- _Task_: Exactly the lines from the one containing "Bosch WIERTŁO SDSPLUS-7X" through the end of the records must be reproduced; leave out all pictures.

(Pictures with short captions)

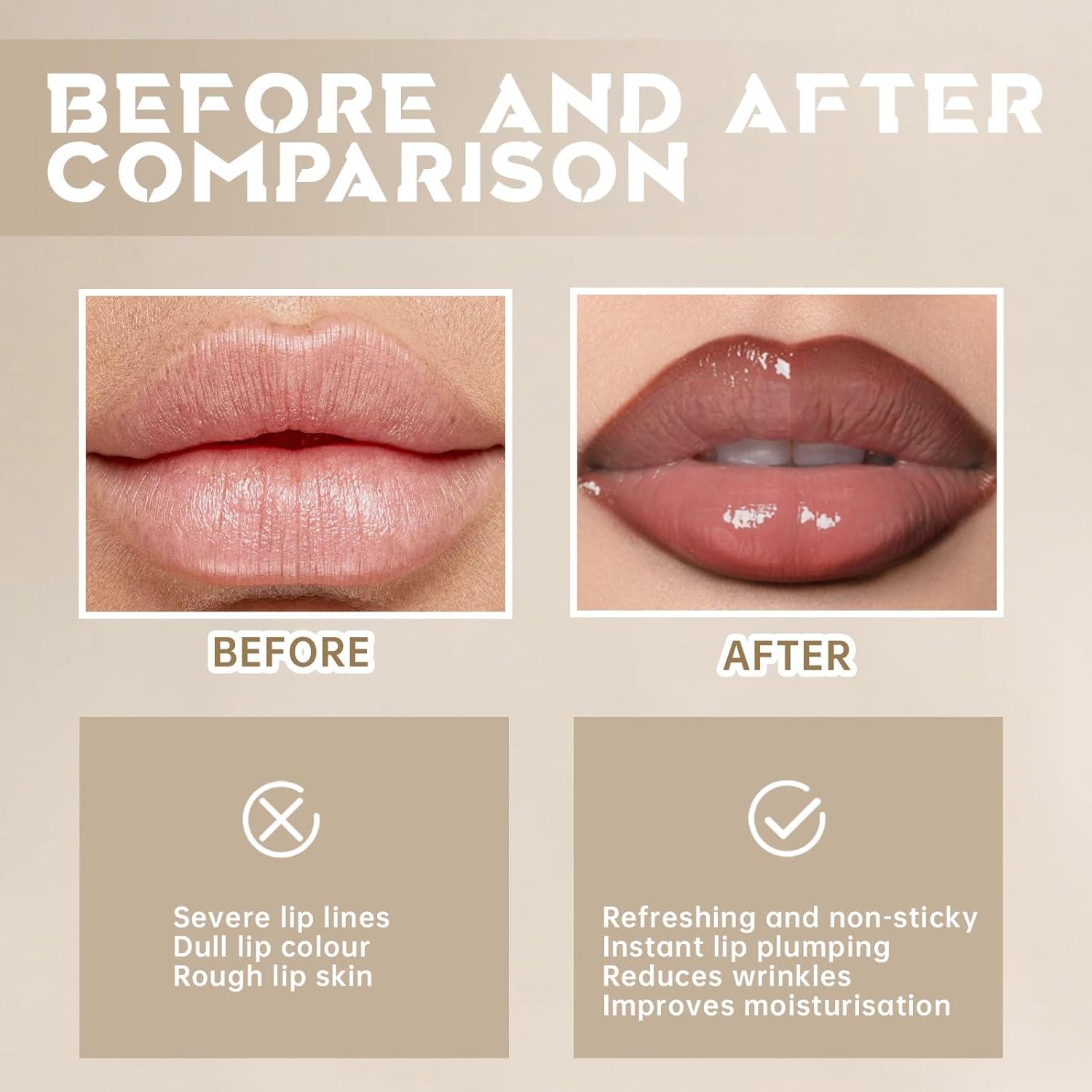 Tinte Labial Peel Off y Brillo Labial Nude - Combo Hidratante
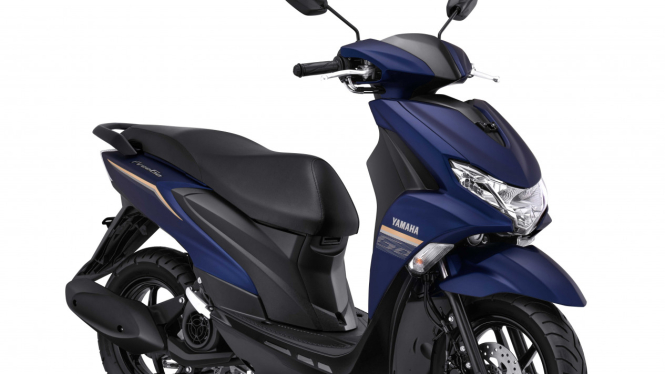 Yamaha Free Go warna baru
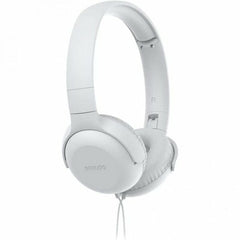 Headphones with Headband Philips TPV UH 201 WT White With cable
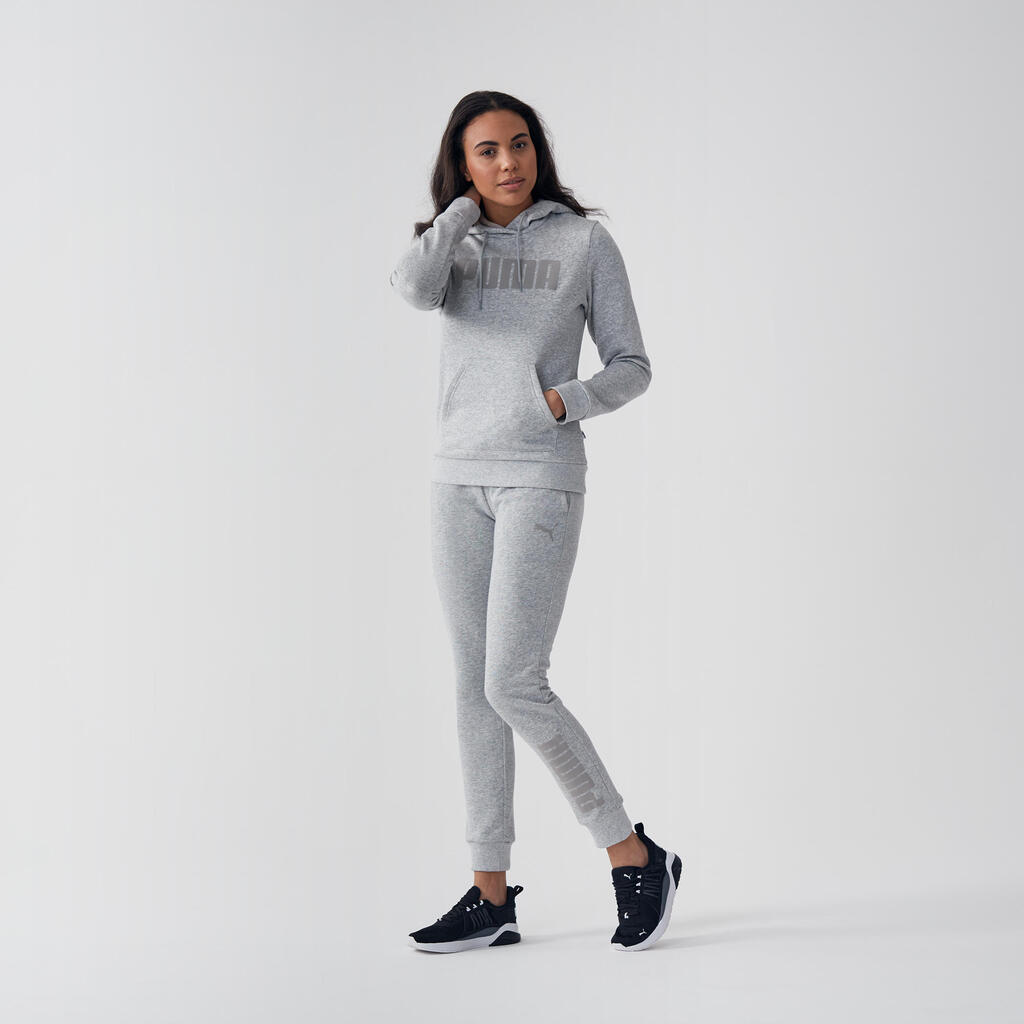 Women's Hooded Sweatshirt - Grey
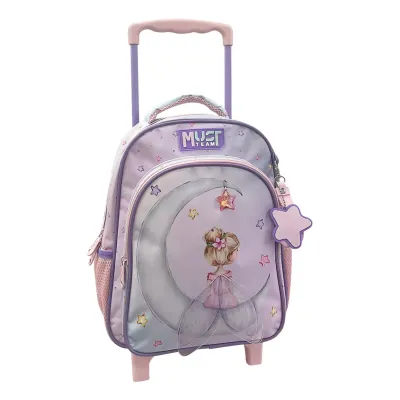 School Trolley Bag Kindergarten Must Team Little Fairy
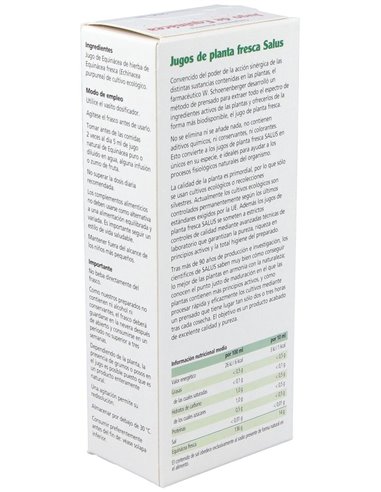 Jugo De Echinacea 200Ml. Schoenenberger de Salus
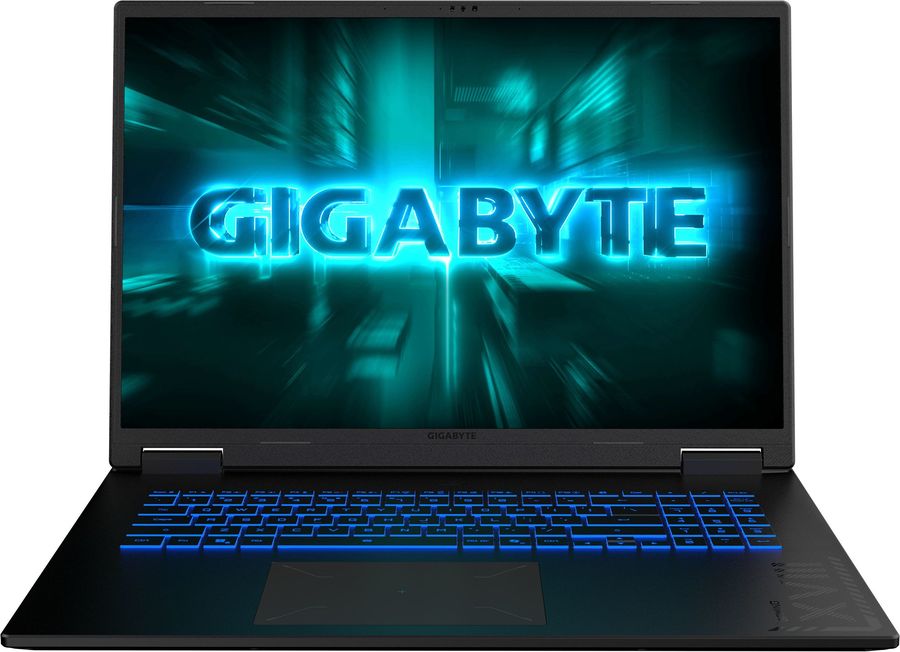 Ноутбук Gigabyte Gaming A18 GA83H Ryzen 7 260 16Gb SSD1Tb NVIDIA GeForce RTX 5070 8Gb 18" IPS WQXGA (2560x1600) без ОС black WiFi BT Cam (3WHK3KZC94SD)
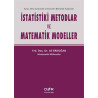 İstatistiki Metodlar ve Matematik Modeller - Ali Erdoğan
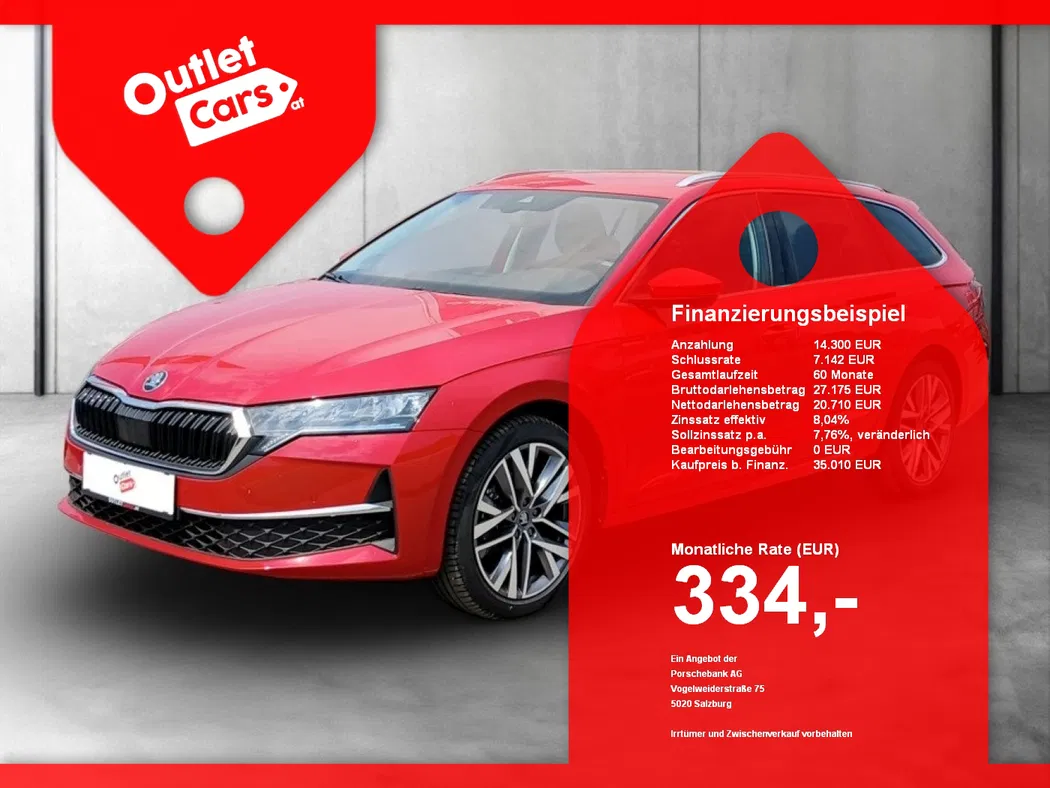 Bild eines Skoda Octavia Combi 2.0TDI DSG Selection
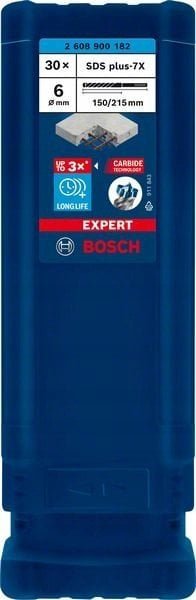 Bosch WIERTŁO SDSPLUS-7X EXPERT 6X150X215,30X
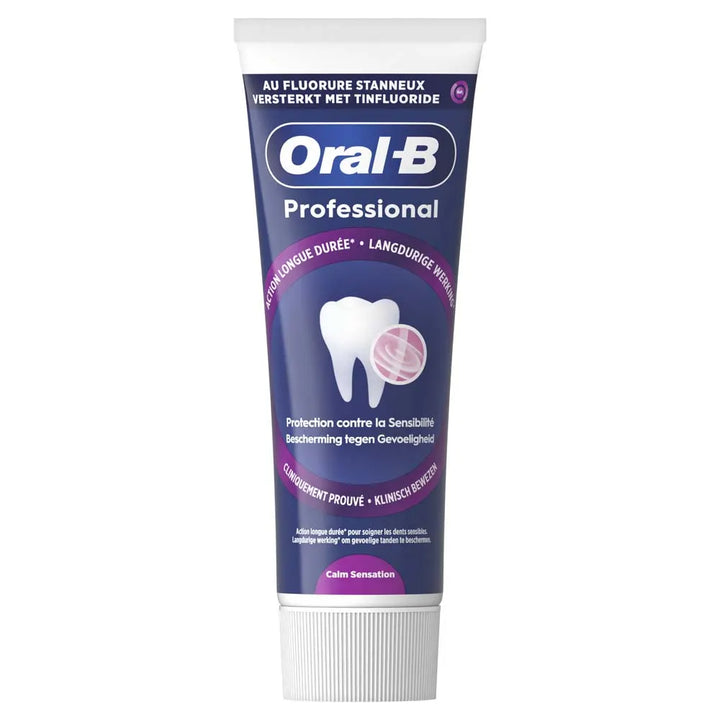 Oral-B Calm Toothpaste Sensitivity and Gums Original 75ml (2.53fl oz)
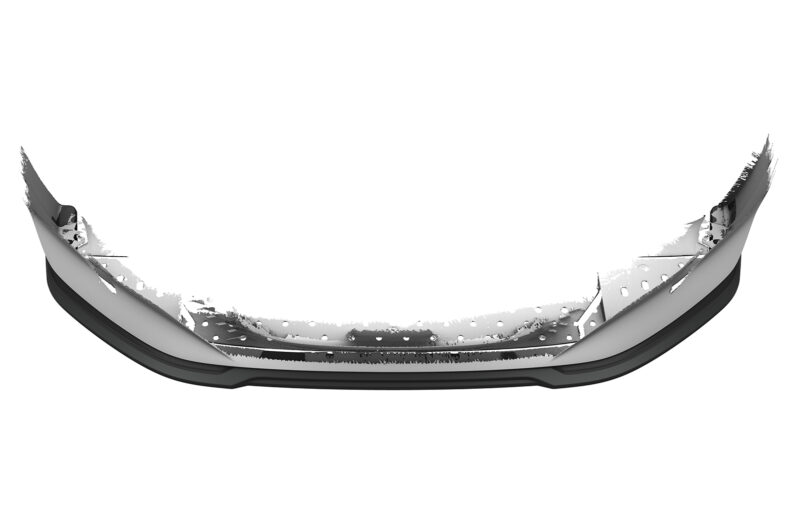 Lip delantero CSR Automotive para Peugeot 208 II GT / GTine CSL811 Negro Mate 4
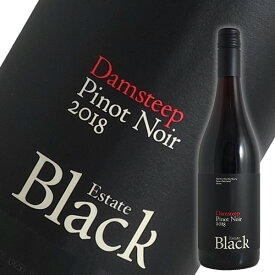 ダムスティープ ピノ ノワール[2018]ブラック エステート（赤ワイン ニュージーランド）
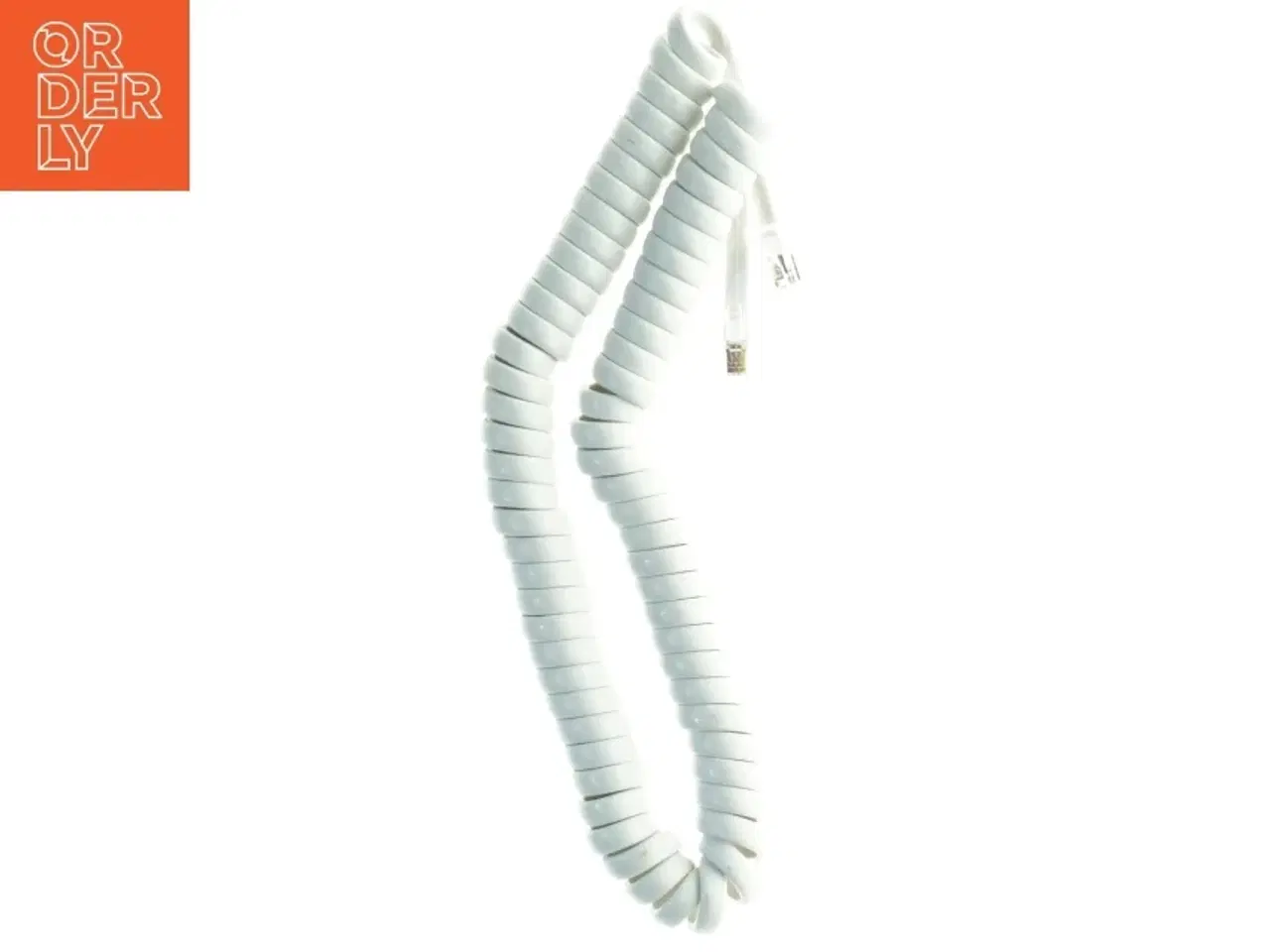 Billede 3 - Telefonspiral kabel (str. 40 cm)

- _Output_:
 Bosch WIERTŁO SDSPLUS-7X EXPERT 6X150X215,30X
 Oral-B Calm Toothpaste Sensitivity and Gums Original 75ml (2.53fl oz)
 Lip delantero CSR Automotive para Peugeot 208 II GT / GTine CSL811 Negro Mate 4
 ダムスティープ ピノ ノワール[2018]ブラック エステート（赤ワイン ニュージーランド）
 Billede 3 - Telefonspiral kabel (str. 40 cm)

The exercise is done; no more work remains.